In a note available on its website, the National Data Protection Commission (CNPD) emphasizes that temperature measurement was not recommended for educational establishments by the national health authority, “an entity to whom, due to its technical and scientific competences, the law assigns the competence to determine or recommend appropriate and necessary measures to guarantee public health “.
The commission says it was aware that, in the resumption of face-to-face classes last Monday, some educational establishments adopted the procedure of reading students’ body temperature.
In this sense, the Commission recalls that the reading of students’ body temperature, “regardless of whether or not the respective record is performed, constitutes a processing of personal data” and, therefore, educational establishments “have an obligation” to verify and demonstrate that the treatments they carry out comply with the principles and legal rules for the protection of personal data.
“In fact, body temperature is information related to an identified or identifiable natural person, and a collection and analysis operation is being carried out on it, so much so that, depending on the observed measurement result, a decision is made that affects the life of the student who holds the data: whether or not admission to the educational establishment he attends is permitted, and therefore whether he is prevented from attending and participating in face-to-face classes “, says the CNPD.
The legal diploma that regulates the resumption of classroom teaching activities does not provide for this treatment of personal data, says the CNPD, in the guidelines for educational establishments regarding the measurement of students’ body temperature, in the context of returning to classes and other teaching activities in person, regardless of education level.
According to CNPD, the decree-law only determines that educational establishments reorganise “school spaces, classes and schedules, in order to guarantee compliance with the guidelines of the General Directorate of Health, namely in terms of hygiene and physical distance. “.
“Nor do the guidelines and recommendations of the Directorate-General for Health, to which it refers, point to this measure as adequate and necessary to safeguard public health. In fact, regarding access to the school grounds, in the guidelines only the “duty to ensure that everyone is wearing a mask. Hand hygiene at the entrance and exit, with alcohol-based antiseptic solution, must also be taken care of”, specifies the commission.
CNPD indicates that educational establishments have regular autonomy, within which the student’s status can be defined.
However, the commission stresses, “the restriction of rights, freedoms and guarantees, such as the right to respect for private life and the right to the protection of personal data, can only occur by determination of law, which provides for appropriate and specific measures that safeguard the fundamental rights and interests of the data subjects, and therefore, under no circumstances can a regulation of an educational establishment introduce innovatively a restriction of those rights “.
The commission also stresses on the grounds of lawfulness for the processing of health data, that “consent, to be legally relevant, must be given under conditions that guarantee the freedom inherent in that manifestation”.

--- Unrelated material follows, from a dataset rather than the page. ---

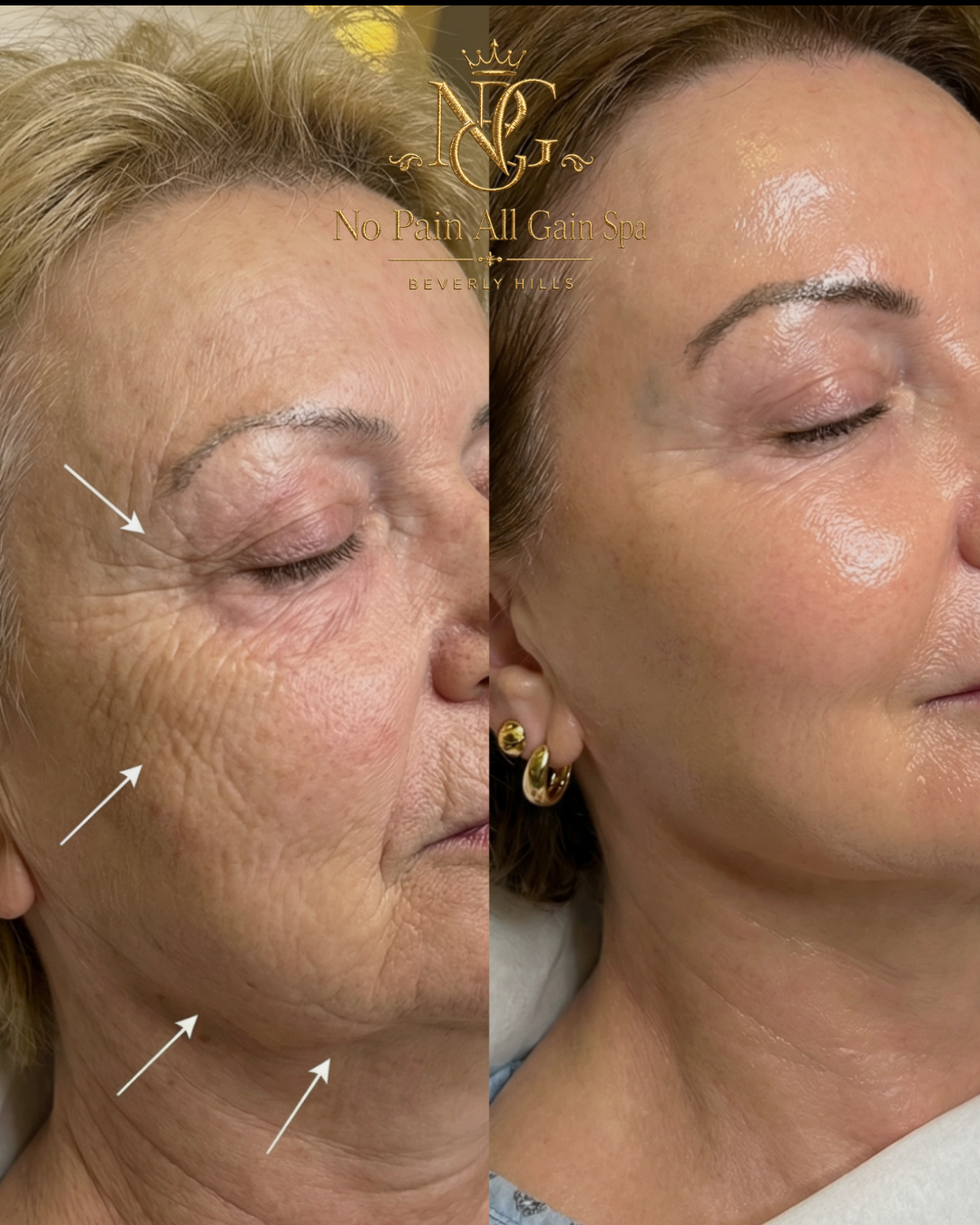 Side-by-side comparison of a woman's face before and after a skincare treatment, showing reduced wrinkles and improved skin texture.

This, according to CNPD, assumes, “not only clear information about the conditions of the processing of personal data and the consequences of it, but also that this manifestation of explicit will is not conditioned or impaired by the possible repercussions (or by the threat of repercussions) that the refusal of its issuance may have “.
This means, says the commission, that the “declaration of will eventually manifested by the student, or by the guardian, is only relevant to justify the treatment if there is no threat or communication that the refusal to subject the body temperature reading procedure implies the negative consequence for the student of being prevented from entering a classroom and, therefore, of obtaining the necessary teachings for his preparation for the evaluation ”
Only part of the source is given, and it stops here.